[Web page caption snippets]
BEGIN

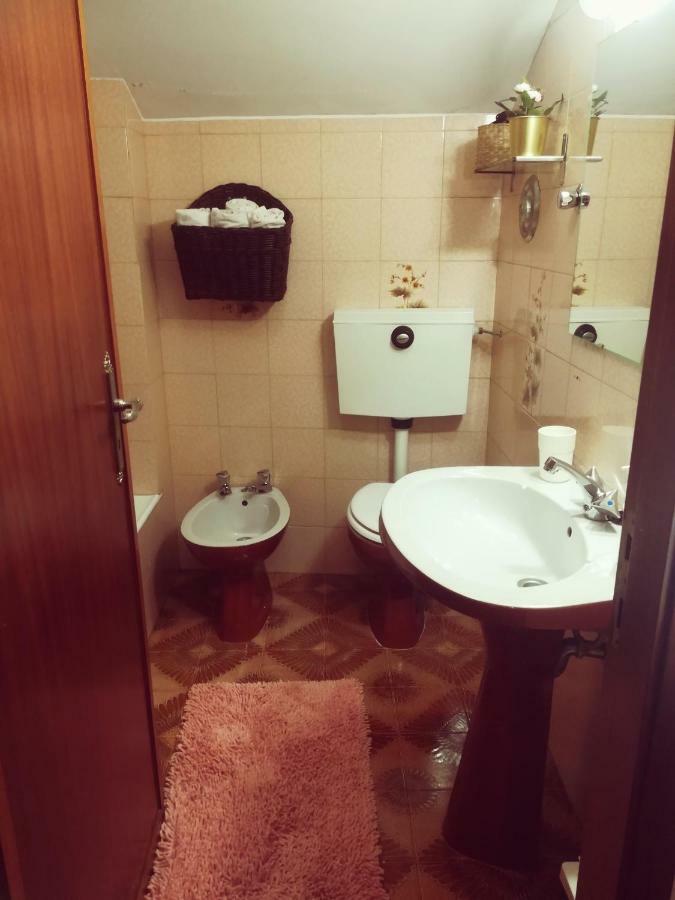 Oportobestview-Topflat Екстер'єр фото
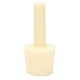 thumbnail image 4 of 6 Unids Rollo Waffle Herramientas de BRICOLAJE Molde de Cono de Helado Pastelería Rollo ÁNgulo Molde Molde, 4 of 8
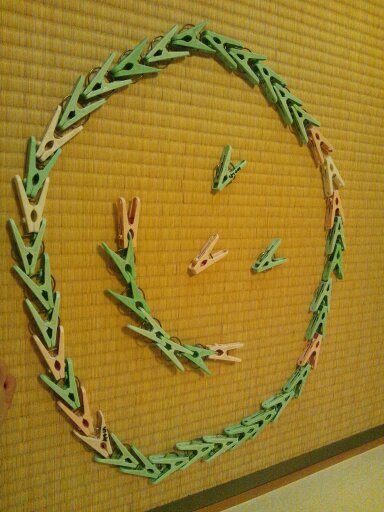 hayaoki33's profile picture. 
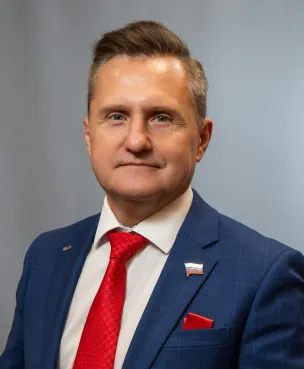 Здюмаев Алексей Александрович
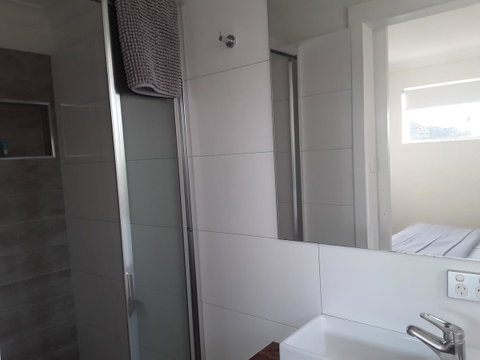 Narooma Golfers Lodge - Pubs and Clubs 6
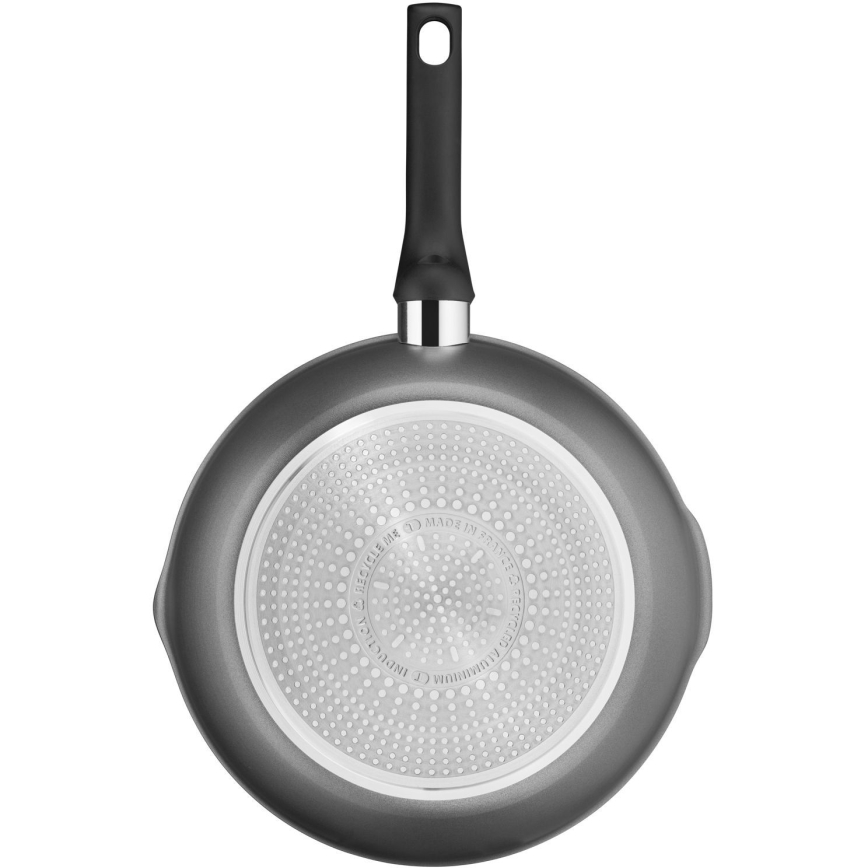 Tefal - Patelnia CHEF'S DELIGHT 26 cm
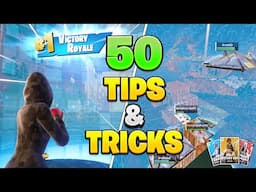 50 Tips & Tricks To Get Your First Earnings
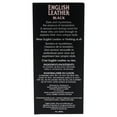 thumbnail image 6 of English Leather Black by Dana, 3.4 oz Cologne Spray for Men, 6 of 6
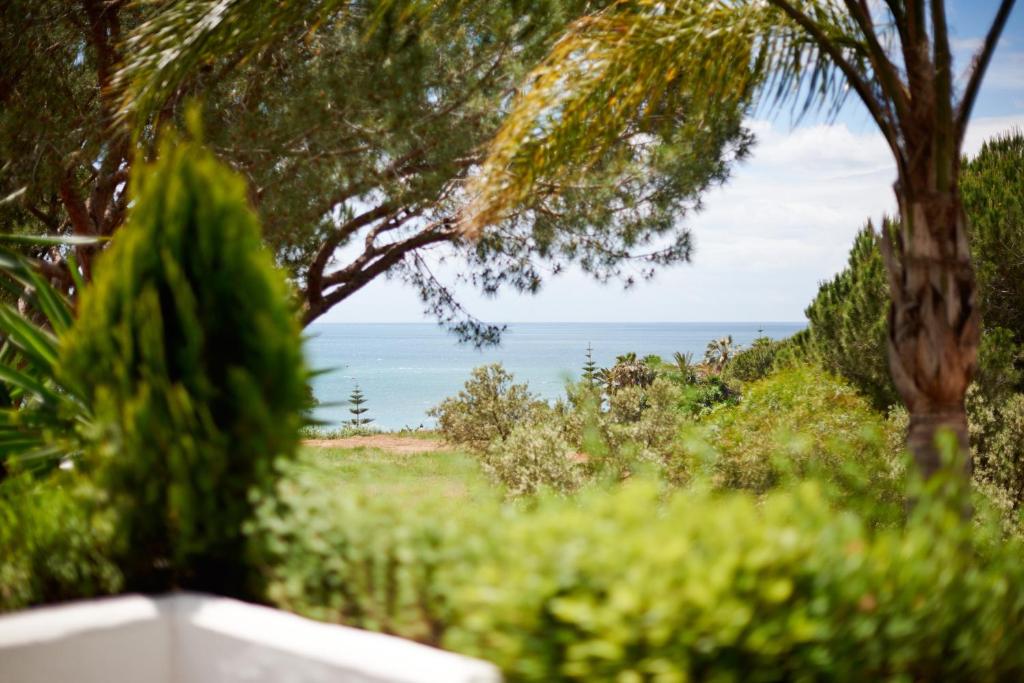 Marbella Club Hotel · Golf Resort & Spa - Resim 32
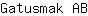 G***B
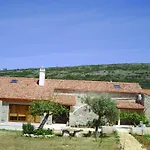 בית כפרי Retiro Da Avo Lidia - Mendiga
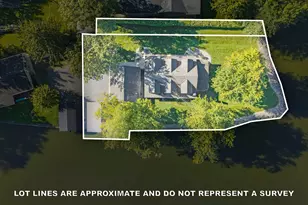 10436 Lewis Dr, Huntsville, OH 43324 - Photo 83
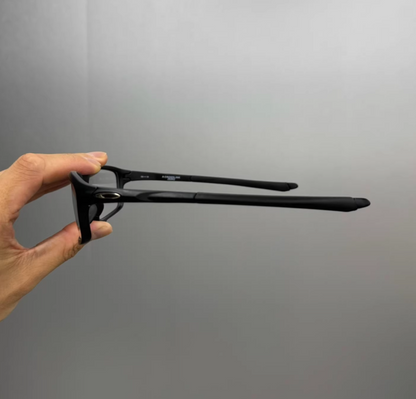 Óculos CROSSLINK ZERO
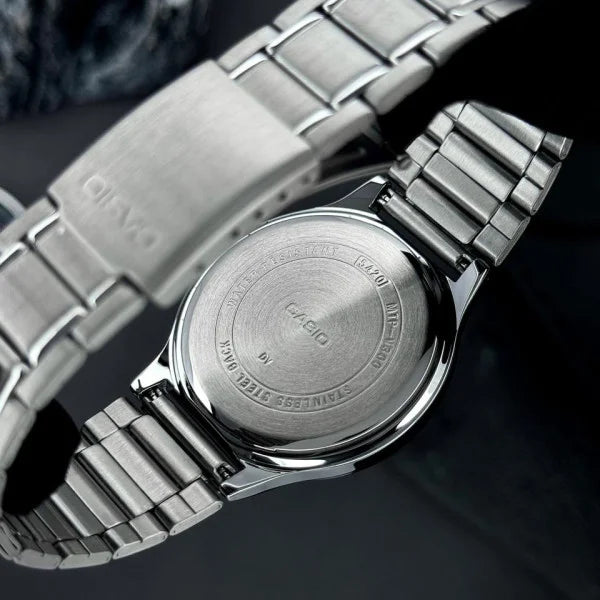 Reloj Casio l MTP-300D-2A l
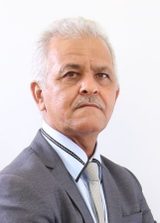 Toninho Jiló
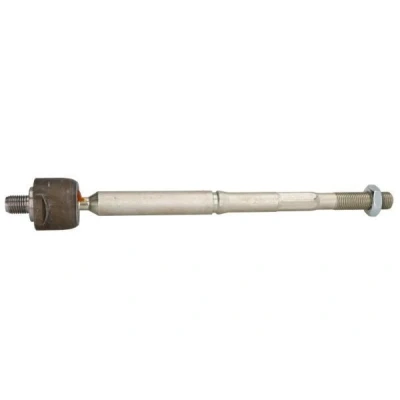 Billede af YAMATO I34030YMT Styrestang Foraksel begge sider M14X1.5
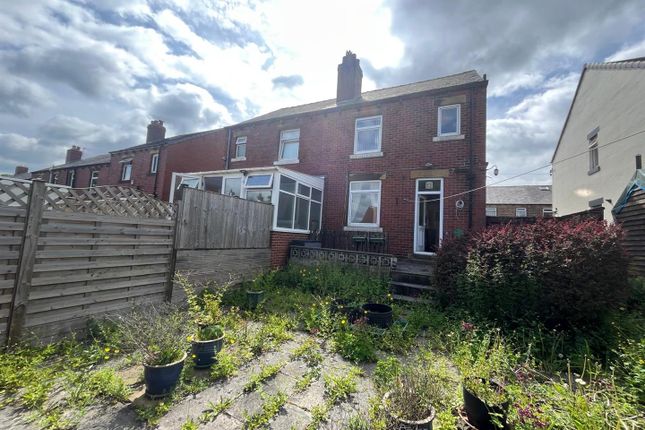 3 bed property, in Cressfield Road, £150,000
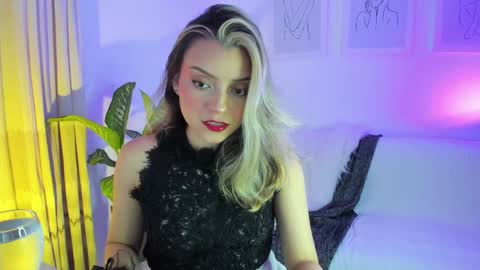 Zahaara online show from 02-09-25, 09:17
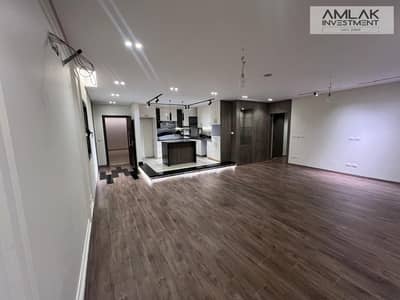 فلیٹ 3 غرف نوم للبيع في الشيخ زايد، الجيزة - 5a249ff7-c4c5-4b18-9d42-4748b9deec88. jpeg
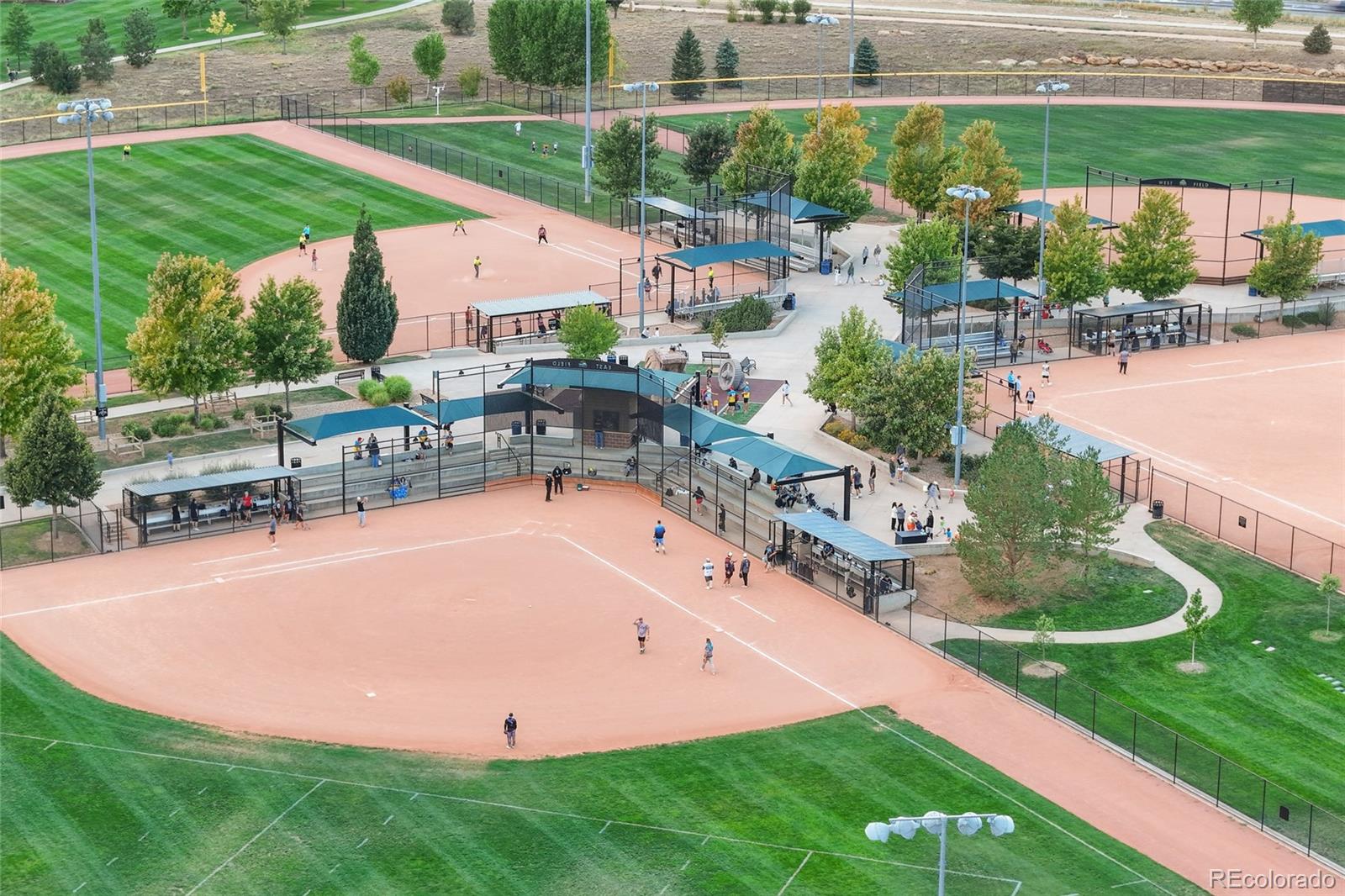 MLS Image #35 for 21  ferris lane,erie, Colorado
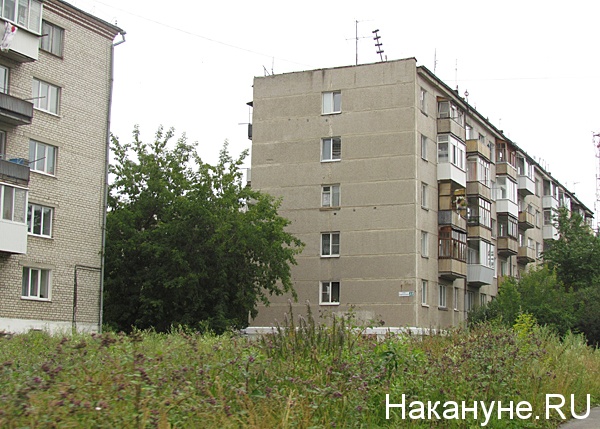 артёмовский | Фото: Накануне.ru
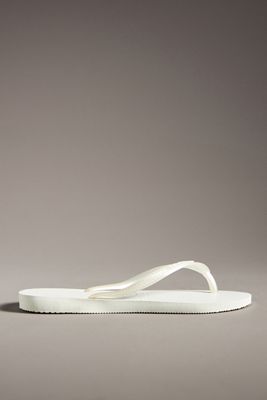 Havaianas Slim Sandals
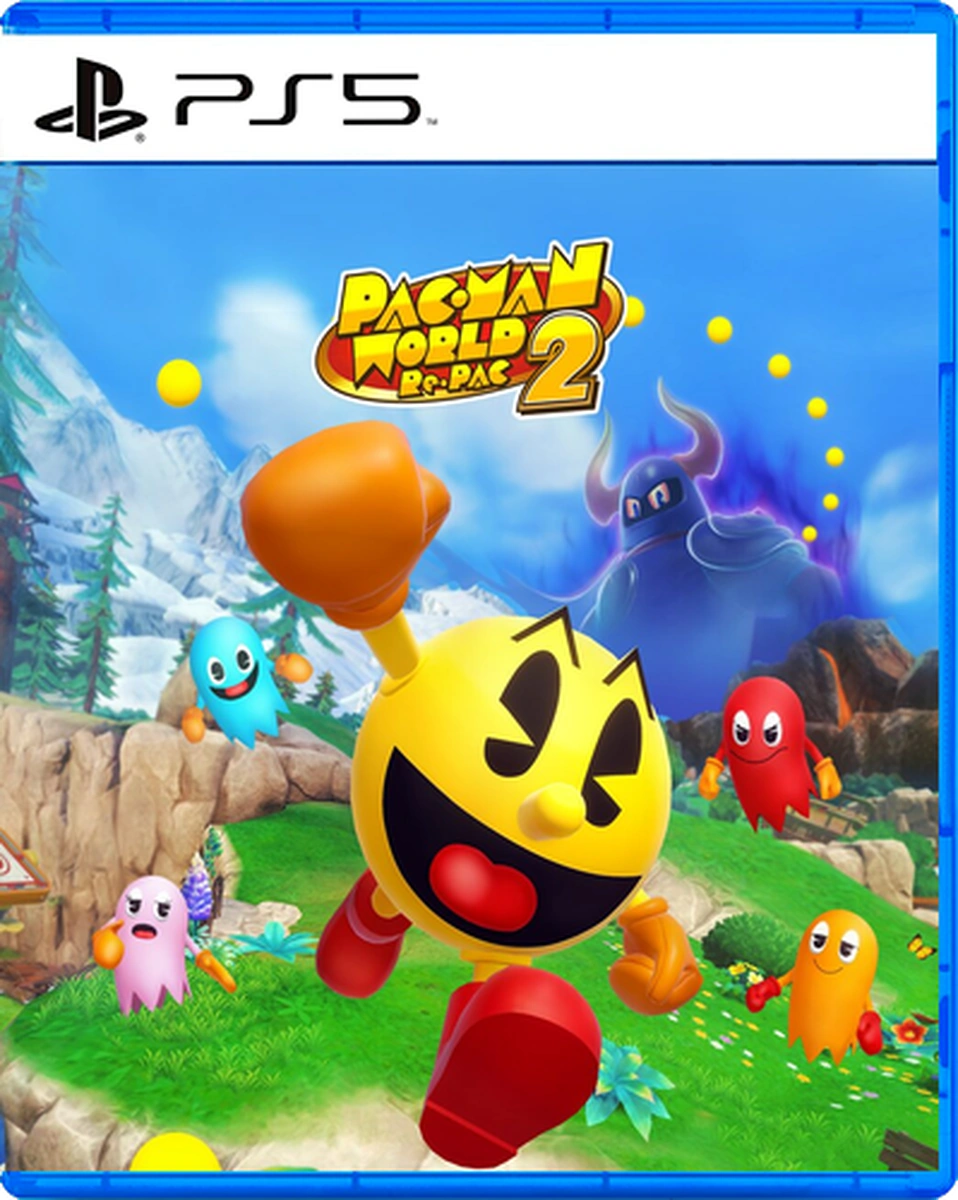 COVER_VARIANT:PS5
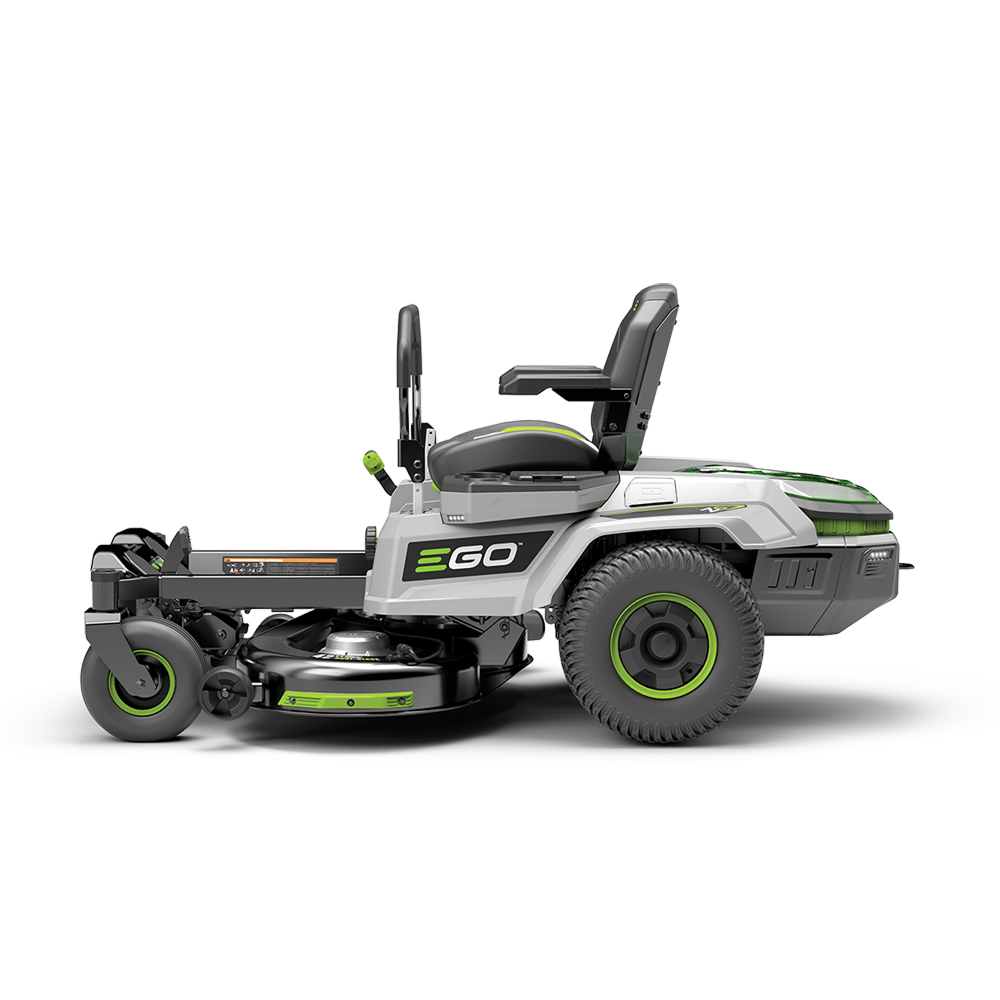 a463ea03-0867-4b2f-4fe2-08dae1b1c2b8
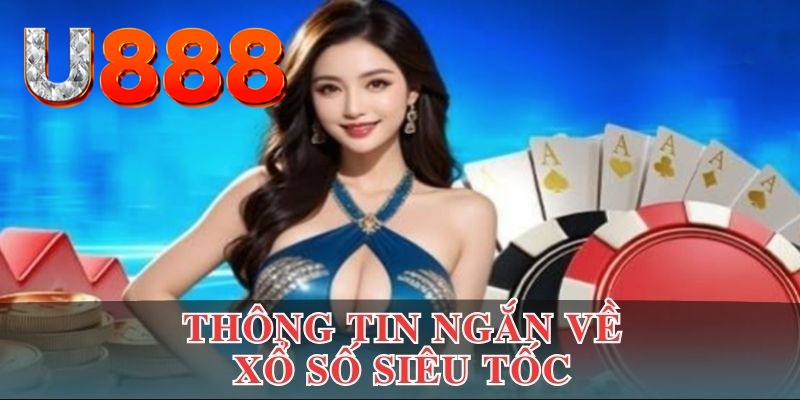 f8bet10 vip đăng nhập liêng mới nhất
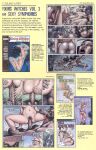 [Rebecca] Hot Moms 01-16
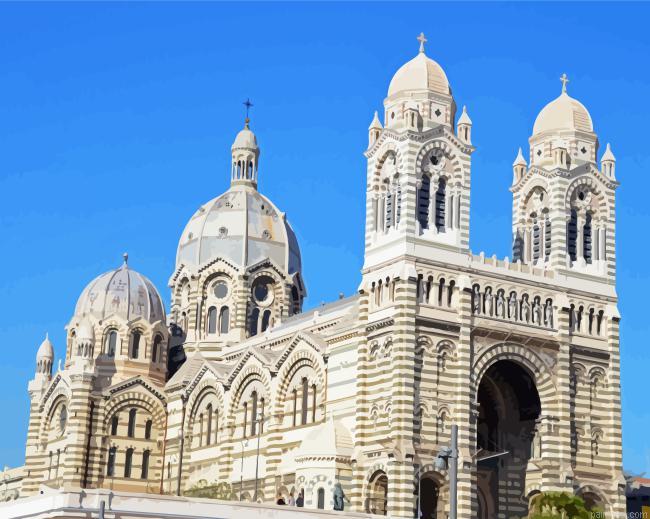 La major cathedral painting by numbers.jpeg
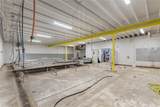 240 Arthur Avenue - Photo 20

END

TASK OBJECTIVE: For this exercise, retype the data above exactly and skip every image.

WORKED SOLUTION:
 Oportobestview-Topflat Екстер'єр фото
 thumbnail image 4 of 6 Unids Rollo Waffle Herramientas de BRICOLAJE Molde de Cono de Helado Pastelería Rollo ÁNgulo Molde Molde, 4 of 8
 hayaoki33's profile picture. 
 Здюмаев Алексей Александрович
 Narooma Golfers Lodge - Pubs and Clubs 6
 Tefal - Patelnia CHEF'S DELIGHT 26 cm
 50 Tips & Tricks To Get Your First Earnings
 thumbnail image 6 of English Leather Black by Dana, 3.4 oz Cologne Spray for Men, 6 of 6
 Marbella Club Hotel · Golf Resort & Spa - Resim 32
 G***B
 בית כפרי Retiro Da Avo Lidia - Mendiga
 10436 Lewis Dr, Huntsville, OH 43324 - Photo 83
 Óculos CROSSLINK ZERO
 Reloj Casio l MTP-300D-2A l
 Toninho Jiló
 Billede af YAMATO I34030YMT Styrestang Foraksel begge sider M14X1.5
 3 bed property, in Cressfield Road, £150,000
 Zahaara online show from 02-09-25, 09:17
 فلیٹ 3 غرف نوم للبيع في الشيخ زايد، الجيزة - 5a249ff7-c4c5-4b18-9d42-4748b9deec88. jpeg
 MLS Image #35 for 21  ferris lane,erie, Colorado
 артёмовский | Фото: Накануне.ru
 Havaianas Slim Sandals
 COVER_VARIANT:PS5
 a463ea03-0867-4b2f-4fe2-08dae1b1c2b8
 f8bet10 vip đăng nhập liêng mới nhất
 [Rebecca] Hot Moms 01-16
 La major cathedral painting by numbers.jpeg
 240 Arthur Avenue - Photo 20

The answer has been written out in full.